Johnson's Paste wax.

now that you mentioned it...

 

Johnson's paste wax for your tables and tools...

You can add Briwax, Black Bison, Behlen, Trewax and Mohawk to the list of acceptable waxes...

If they contain Carnauba wax they will finish harder and be longer wearing/lasting...

You can even add more Carnauba if you want...

 

http://www.parkbeekeeping.com/products/detail/carnauba-wax

 

Wax applied to a warm surface is a big plus...

Mechanical polishing over hand buffing is way better.. (elcheapo car buffer or a wool bonnet on your ROS)...

Polishing is what makes the wax work to it's fullest...

More polishing.. Better results...

 

above all.. make sure it DOES NOT contain silicone...

 

Wax clean up/removal/thinning is done w/ mineral spirits...

A pound of wax should last way more than a decade maybe even well into the second...

Put it on any tool table surface you have...

Great for plane soles too...

To melt/soften the wax put the container of wax in hot water but not submerged...

 

Carnauba wax, sometimes also referred to as palm wax or Brazil wax, is a kind of wax that is made from the extracts of palm leaves.
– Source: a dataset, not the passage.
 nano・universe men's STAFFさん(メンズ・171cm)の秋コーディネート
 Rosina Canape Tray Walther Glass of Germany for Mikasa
These leaves are found on the plant ‘Copernicia prunifera’, a short plant that is usually found in Brazil, especially in the states of Ceara, Rio Grande do Norte and Piaui. Also known as the ‘Queen of waxes’, it is found in yellowish or brownish flakes.

 

Stick w/ your silicone-less furniture paste wax and avoid possible contamination of your project...


If you are considering candle wax... not all candles are created equal...
You also have to contend w/ dyes in the wax...

Best to steer clear of using candle wax...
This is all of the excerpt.